> YOUR INSTRUCTIONS: Return the data below in full, matching every line exactly.

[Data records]
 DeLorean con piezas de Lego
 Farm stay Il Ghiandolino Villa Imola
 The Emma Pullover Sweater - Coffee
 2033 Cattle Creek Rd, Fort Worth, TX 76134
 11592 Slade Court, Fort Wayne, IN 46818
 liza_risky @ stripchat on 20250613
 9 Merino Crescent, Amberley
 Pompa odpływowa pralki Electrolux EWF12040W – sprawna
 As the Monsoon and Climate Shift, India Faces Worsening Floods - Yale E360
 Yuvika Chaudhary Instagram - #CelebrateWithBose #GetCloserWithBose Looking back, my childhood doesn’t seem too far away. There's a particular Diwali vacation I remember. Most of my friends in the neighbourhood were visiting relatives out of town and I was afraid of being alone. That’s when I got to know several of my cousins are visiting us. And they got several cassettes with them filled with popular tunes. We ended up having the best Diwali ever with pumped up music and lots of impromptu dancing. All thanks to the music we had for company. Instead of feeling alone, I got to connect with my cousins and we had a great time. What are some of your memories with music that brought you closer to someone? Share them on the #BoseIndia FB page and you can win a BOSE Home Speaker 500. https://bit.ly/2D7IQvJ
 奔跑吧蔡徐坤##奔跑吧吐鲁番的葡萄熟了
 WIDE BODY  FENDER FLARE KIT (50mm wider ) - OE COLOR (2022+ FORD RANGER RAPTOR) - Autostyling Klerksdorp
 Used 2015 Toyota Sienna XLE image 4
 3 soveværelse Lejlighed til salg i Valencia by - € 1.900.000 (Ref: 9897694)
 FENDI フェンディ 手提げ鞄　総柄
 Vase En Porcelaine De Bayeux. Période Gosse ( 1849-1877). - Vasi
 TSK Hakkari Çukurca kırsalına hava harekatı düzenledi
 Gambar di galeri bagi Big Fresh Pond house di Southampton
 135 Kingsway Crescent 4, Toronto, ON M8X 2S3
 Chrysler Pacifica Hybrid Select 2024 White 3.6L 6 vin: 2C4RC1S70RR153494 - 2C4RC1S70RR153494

> ANSWER BELOW:
 DeLorean con piezas de Lego
 Farm stay Il Ghiandolino Villa Imola
 The Emma Pullover Sweater - Coffee
 2033 Cattle Creek Rd, Fort Worth, TX 76134
 11592 Slade Court, Fort Wayne, IN 46818
 liza_risky @ stripchat on 20250613
 9 Merino Crescent, Amberley
 Pompa odpływowa pralki Electrolux EWF12040W – sprawna
 As the Monsoon and Climate Shift, India Faces Worsening Floods - Yale E360
 Yuvika Chaudhary Instagram - #CelebrateWithBose #GetCloserWithBose Looking back, my childhood doesn’t seem too far away. There's a particular Diwali vacation I remember. Most of my friends in the neighbourhood were visiting relatives out of town and I was afraid of being alone. That’s when I got to know several of my cousins are visiting us. And they got several cassettes with them filled with popular tunes. We ended up having the best Diwali ever with pumped up music and lots of impromptu dancing. All thanks to the music we had for company. Instead of feeling alone, I got to connect with my cousins and we had a great time. What are some of your memories with music that brought you closer to someone? Share them on the #BoseIndia FB page and you can win a BOSE Home Speaker 500. https://bit.ly/2D7IQvJ
 奔跑吧蔡徐坤##奔跑吧吐鲁番的葡萄熟了
 WIDE BODY  FENDER FLARE KIT (50mm wider ) - OE COLOR (2022+ FORD RANGER RAPTOR) - Autostyling Klerksdorp
 Used 2015 Toyota Sienna XLE image 4
 3 soveværelse Lejlighed til salg i Valencia by - € 1.900.000 (Ref: 9897694)
 FENDI フェンディ 手提げ鞄　総柄
 Vase En Porcelaine De Bayeux. Période Gosse ( 1849-1877). - Vasi
 TSK Hakkari Çukurca kırsalına hava harekatı düzenledi
 Gambar di galeri bagi Big Fresh Pond house di Southampton
 135 Kingsway Crescent 4, Toronto, ON M8X 2S3
 Chrysler Pacifica Hybrid Select 2024 White 3.6L 6 vin: 2C4RC1S70RR153494 - 2C4RC1S70RR153494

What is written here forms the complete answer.